Se 'La Storia siamo noi', come dice la bella trasmissione di Giovanni Minoli, allora permettetemi di rivelare frammenti di una storia che proprio l'ultima puntata del programma televisivo ha riportato di attualità, con la tremenda battuta in romanesco di un uomo saggio e accorto come il pluripresidente del consiglio, Giulio Andreotti.

Secondo il senatore a vita, le grane (e fin qui la battuta sarebbe stata meno schifosa), ma in realtà la morte, l'avvocato Giorgio Ambrosoli se la sarebbe andata a cercare. In che modo se la sarebbe andata a cercare, secondo la cinica battuta di colui che in realtà è stato uno dei protagonisti principali del crack di Michele Sindona, con il successivo ignobile omicidio del giovane liquidatore della Banca privata italiana? In un solo modo: facendo fino in fondo il suo dovere.

Ambrosoli è stato ribattezzato da una certa corrente radical Un eroe borghese, titolo anche del film a lui dedicato. In realtà Ambrosoli è stato un Eroe tout court. Borghese, per lui che era monarchico, stona. Mentre l'attributo di eroe è forse insufficiente. Ma ecco i frammenti della storia da rivelare.

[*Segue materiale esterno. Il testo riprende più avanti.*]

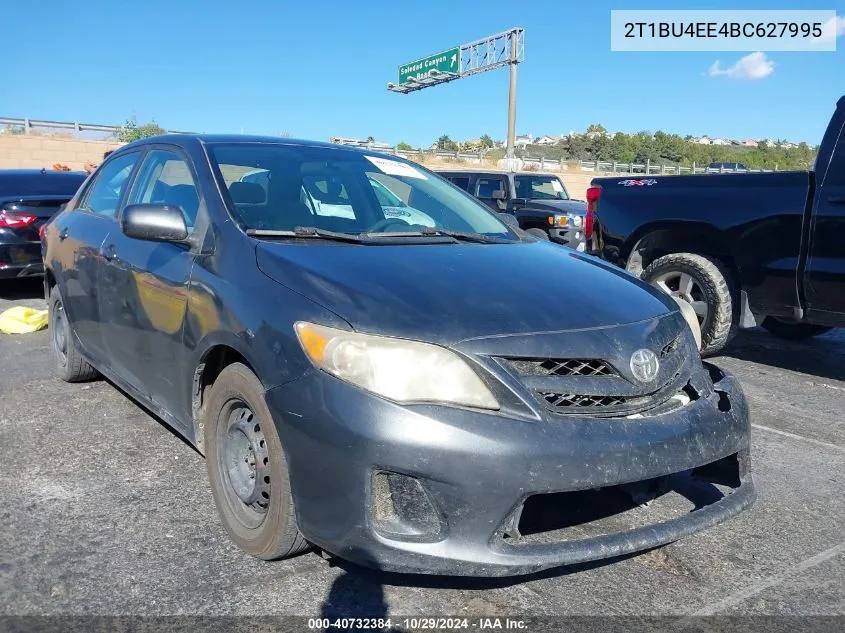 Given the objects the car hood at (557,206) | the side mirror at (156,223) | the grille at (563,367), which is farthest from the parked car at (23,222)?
the car hood at (557,206)

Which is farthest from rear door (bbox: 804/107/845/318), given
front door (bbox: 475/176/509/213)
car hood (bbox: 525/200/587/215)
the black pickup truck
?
front door (bbox: 475/176/509/213)

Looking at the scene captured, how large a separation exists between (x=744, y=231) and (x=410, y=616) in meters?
4.13

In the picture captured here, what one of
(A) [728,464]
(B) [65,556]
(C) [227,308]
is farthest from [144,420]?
(A) [728,464]

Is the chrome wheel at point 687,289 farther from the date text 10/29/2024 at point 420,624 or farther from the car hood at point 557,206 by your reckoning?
the car hood at point 557,206

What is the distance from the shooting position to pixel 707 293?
5508 millimetres

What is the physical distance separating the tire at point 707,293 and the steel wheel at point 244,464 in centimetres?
353

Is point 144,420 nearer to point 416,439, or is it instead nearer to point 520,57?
point 416,439

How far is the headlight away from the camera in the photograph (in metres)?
2.24

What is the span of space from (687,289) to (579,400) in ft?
12.2

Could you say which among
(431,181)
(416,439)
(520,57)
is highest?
(520,57)

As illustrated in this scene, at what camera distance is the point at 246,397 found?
2580 millimetres

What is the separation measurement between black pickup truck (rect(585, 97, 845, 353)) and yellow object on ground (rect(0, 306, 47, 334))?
4987 millimetres

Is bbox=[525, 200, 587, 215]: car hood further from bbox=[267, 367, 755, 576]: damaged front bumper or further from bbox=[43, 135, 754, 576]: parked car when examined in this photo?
bbox=[267, 367, 755, 576]: damaged front bumper

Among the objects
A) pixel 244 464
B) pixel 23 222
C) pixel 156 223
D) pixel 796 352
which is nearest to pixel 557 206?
pixel 796 352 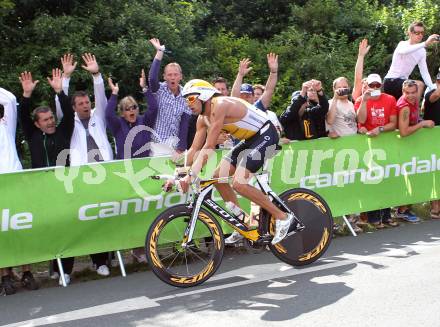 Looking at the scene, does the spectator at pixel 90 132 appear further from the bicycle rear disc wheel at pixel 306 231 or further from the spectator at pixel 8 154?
the bicycle rear disc wheel at pixel 306 231

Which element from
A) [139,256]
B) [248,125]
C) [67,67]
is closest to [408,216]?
[248,125]

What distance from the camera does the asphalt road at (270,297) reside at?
18.4ft

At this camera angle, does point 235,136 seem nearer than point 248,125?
No

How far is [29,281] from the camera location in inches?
286

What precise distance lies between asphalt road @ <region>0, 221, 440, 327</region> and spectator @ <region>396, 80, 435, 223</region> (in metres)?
1.94

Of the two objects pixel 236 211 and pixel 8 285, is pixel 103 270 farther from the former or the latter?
pixel 236 211

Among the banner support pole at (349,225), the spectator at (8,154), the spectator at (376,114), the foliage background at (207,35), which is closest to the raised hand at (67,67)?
the spectator at (8,154)

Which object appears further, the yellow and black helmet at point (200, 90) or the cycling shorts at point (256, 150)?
the cycling shorts at point (256, 150)

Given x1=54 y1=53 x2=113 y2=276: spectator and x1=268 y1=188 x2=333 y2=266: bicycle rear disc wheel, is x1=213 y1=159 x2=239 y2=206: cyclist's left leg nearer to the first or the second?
x1=268 y1=188 x2=333 y2=266: bicycle rear disc wheel

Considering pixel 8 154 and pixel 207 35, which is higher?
pixel 207 35

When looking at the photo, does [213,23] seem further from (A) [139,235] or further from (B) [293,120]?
(A) [139,235]

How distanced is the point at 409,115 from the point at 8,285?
5.82 metres

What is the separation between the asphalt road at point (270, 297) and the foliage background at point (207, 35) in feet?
19.9

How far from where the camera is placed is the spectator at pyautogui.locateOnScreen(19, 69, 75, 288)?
7.76 m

Per molto tempo sono stato il giornalista che sapeva di più di Sindona e del suo crack. Avevo rivelato su Panorama il finanziamento di 3 miliardi di lire di Sindona alla Dc (nelle mani del segretario amministrativo Filippo Micheli) perché il segretario politico, Amintore Fanfani, spingesse il Banco di Roma a nominare un terzo amministratore delegato (struttura non prevista nelle banche dell'Iri) nella persona dell'avvocato Mario Barone, vecchio amico di Sindona dai tempi della Guerra mondiale quando insieme giocavano a poker a Messina (il padre di Barone era ammiraglio), ma anche strettamente legato ad Andreotti.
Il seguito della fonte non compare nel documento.